O resultado de anos de pesquisas começa a se apresentar para a sociedade. A empresa holandesa Mosa Meats calcula que até 2021 qualquer pessoa poderá comprar qualquer corte de carne, seja bovino, suíno, ave ou peixe, em sua versão vegana em qualquer supermercado. A diferença do consumo de recursos energéticos para a criação da carne vegana é enorme:
A carne de laboratório consome 55% menos energia que a carne tradicional.
Os gases do efeito estufa são reduzidos em 96%.
O uso de terras férteis é reduzido em até 99%.
Isso significa que todo o esforço envolvido na criação de proteínas sintéticas depende muito mais de um trabalho intelectual e técnico do que da criação em massa de seres vivos para o abate. Em termos ecológicos, o uso de terras úteis é resumido ao laboratório de criação. Isso representa mais água limpa, menos esgotamento do solo, mais ética com os animais.
Ovos veganos da americana Just. Origem vegetal e menos impacto ambiental.
Fonte: Divulgação.
A empresa Impossible Foods, como o nome já diz, está atuando na criação de alimentos até então considerados impossíveis. O grande projeto da companhia é substituir boa parte da carne natural por outra criada em laboratório. E não seria apenas uma versão vegetal com sabor de carne, mas um superalimento pensado para a saúde dos consumidores.
A base desse produto revolucionário é totalmente vegetal, livre de ativos cancerígenos ou gorduras saturadas. Isso representará, muito em breve, a maior revolução da história alimentícia desde o início da Era Industrial. A carne vegana, se disponibilizada por preços justos, poderá significar uma gigantesca mudança em nossos padrões alimentares, nossa relação com o meio ambiente e com os outros seres vivos. Pela primeira vez a humanidade poderia manter-se detentora do título de “onívora” sem ter que matar animais para isso.
Valorizar a produção de alimentos locais ainda é a melhor forma de estimular o consumo consciente. Foto: Food Revolution Network
Bem mais que carne
A startup americana Just possui outra proposta igualmente original e transformadora. A empresa desenvolveu, com sucesso, um ovo feito a partir de feijões, proteína vegetal e açafrão. O ovo vegano não vem em cascas, mas em garrafas. Assim, o consumidor pode criar suas receitas, como bolos, tortas, omeletes, usando o preparo líquido já pronto para a utilização.
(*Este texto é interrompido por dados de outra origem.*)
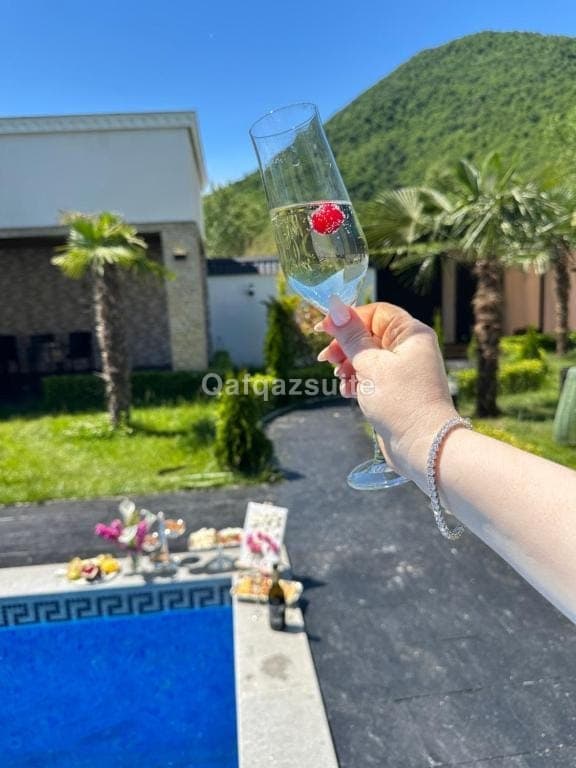Palmen Villa Gabala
Além de todos os benefícios o ovo vegano possui altos níveis de nutrientes, baixo colesterol e não maltrata nenhum animal em seu desenvolvimento. O sabor, segundo os especialistas, é idêntico ao natural. Além da carne, caminhamos também para a criação de opções veganas para diversos outros alimentos. Leite, manteiga, iogurte e até bacon já podem ser encontrados em suas versões livres de sofrimento animal. Contudo, é importante sempre pesquisar sobre as empresas criadoras desses produtos e saber se o processo, mesmo sendo livre de maus-tratos aos animais, é ecologicamente correto e economicamente justo.
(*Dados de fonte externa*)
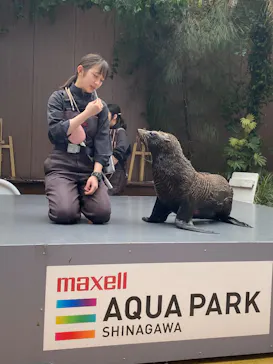 マクセル アクアパーク品川に投稿された画像（2026/4/5）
De nada vale um produto vegano de última geração que não cumpra com a regra básica do consumo sustentável: a preservação do planeta e da vida.
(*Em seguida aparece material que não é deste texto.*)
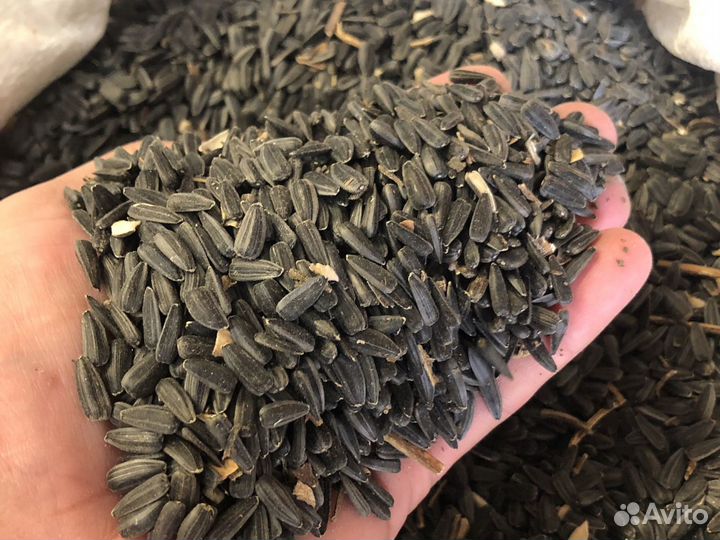 Семечка подсолнечника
Enquanto essas novidades não chegam às mesas de todos nós, não podemos nos esquecer da importância de uma alimentação mais consciente, livre de produtos processados e de origem animal.
Podemos confiar sempre que a tecnologia irá encontrar novos caminhos, mas a valorização dos alimentos locais, dos pequenos produtores e dos artigos orgânicos ainda é a melhor forma de promover a justiça social e o equilíbrio em nosso planeta.